Exploring the relationship between Virginia Woolf's troubled life and her writing, a biography reveals her struggle with depression, use of writing to capture the joy of existence, and paradoxical focus on subjects she knew best--destruction, death, and fragility.
King derives his information from an immense number of letters, books, and grocery lists, by doing so he sketches a marvellous image of Virginia Woolf in all her dark, womanly, cheerful, and depressed facets.
I like the Bloomsbury artists, though they did get around quite a bit by anyone's standards, not to mention the prevailing norms of fin-de-siecle England.

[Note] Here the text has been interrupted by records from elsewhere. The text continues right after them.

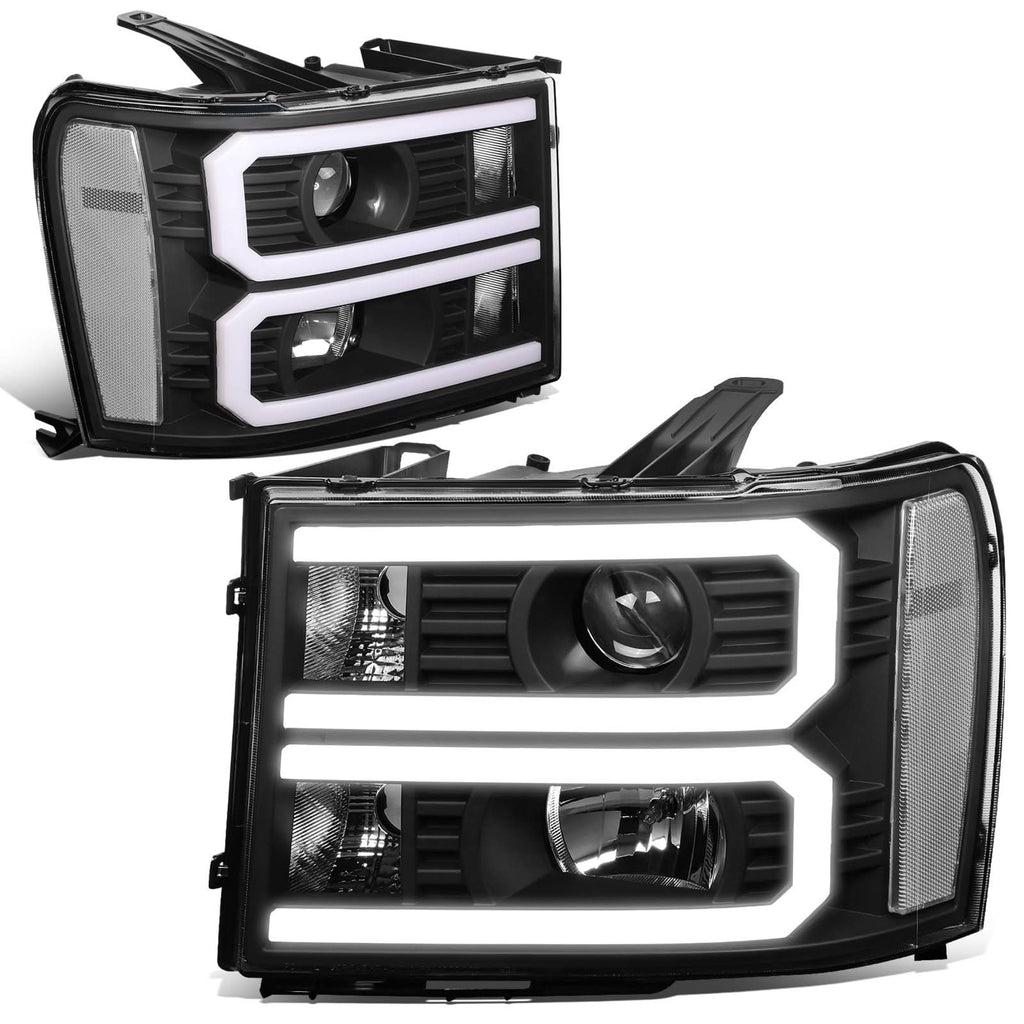 2007-2014 GMC Sierra Dual U-Bar LED DRL Headlights Black Housing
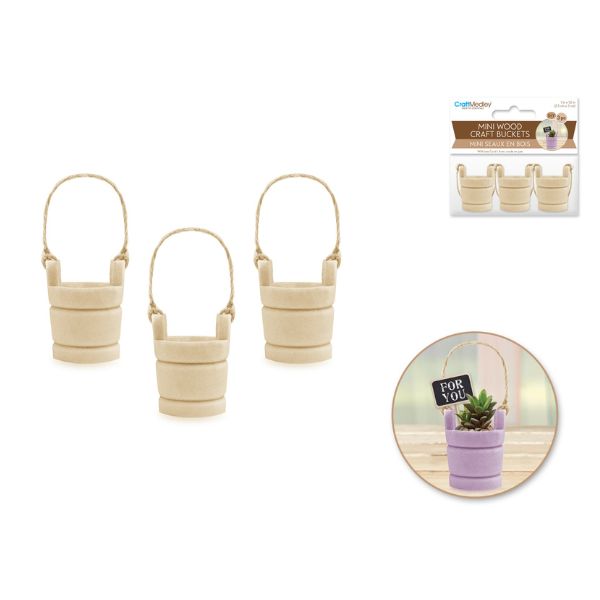 Seau de puit 1 po x 1,2 po en bois (paquet de 3)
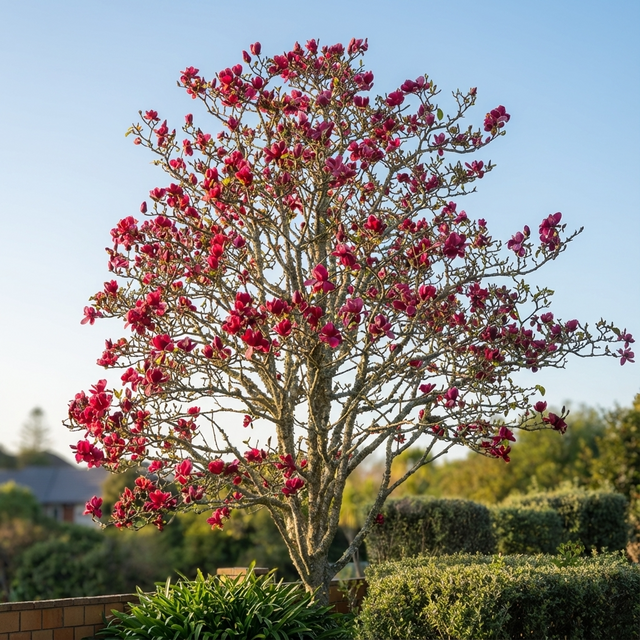 A Magnolia ‘Vulcan’ tree, with its stunning pink blooms, stands out as an exquisite ornamental feature in the garden against a clear blue sky.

I mean at the point at which you can look around a crowded room and half of the people present are either your current or past lovers, I should think there would certainly be some complications that would tend to interfere with the craft. "Bohemian" and "avant-garde" don't even begin to describe it. But if you admire Virginia Woolf as a writer and can get past some of the rather bizarre constructs of the Bloomsbury artists' relationships--which, after all, aren't really the point--then this book is worth a read, with one caveat: I think the author takes a somewhat unseemly pleasure in attempting to unearth--and in speculating (arguably unjustly) on the existence of--certain alleged skeletons in Woolf's and others' closets. Rather an out-of-bounds thing to do I think, cheap and sensationalistc.